Task to carry out
Take the lines below between the one holding "Wonka Logo Unisex" and the one holding "PANDORA dámský prsten", inclusive, and copy them exactly. Add nothing.

--- Exercise input Enclosed Below ---

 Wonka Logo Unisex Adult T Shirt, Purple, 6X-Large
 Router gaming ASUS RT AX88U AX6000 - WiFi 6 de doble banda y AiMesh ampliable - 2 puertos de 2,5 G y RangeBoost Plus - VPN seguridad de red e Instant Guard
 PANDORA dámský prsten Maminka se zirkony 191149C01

--- End of Enclosed Exercise input ---
--- Exercise input Enclosed Below ---

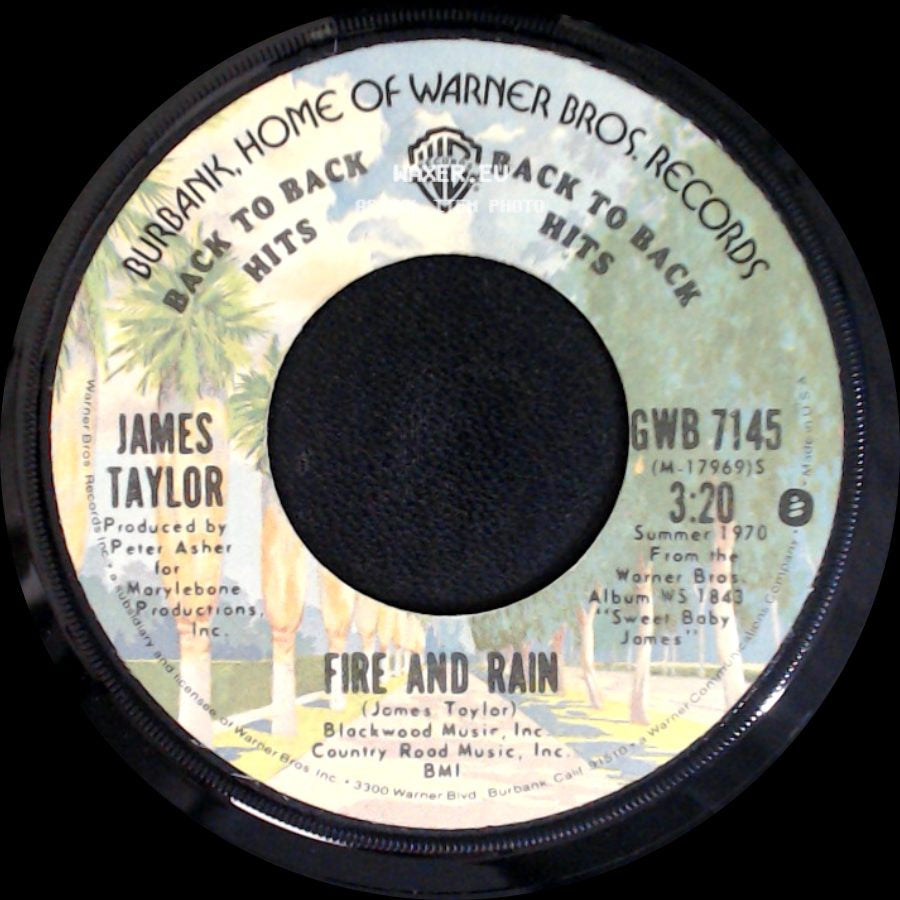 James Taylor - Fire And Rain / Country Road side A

--- End of Enclosed Exercise input ---

Response to this task
 Wonka Logo Unisex Adult T Shirt, Purple, 6X-Large
 Router gaming ASUS RT AX88U AX6000 - WiFi 6 de doble banda y AiMesh ampliable - 2 puertos de 2,5 G y RangeBoost Plus - VPN seguridad de red e Instant Guard
 PANDORA dámský prsten Maminka se zirkony 191149C01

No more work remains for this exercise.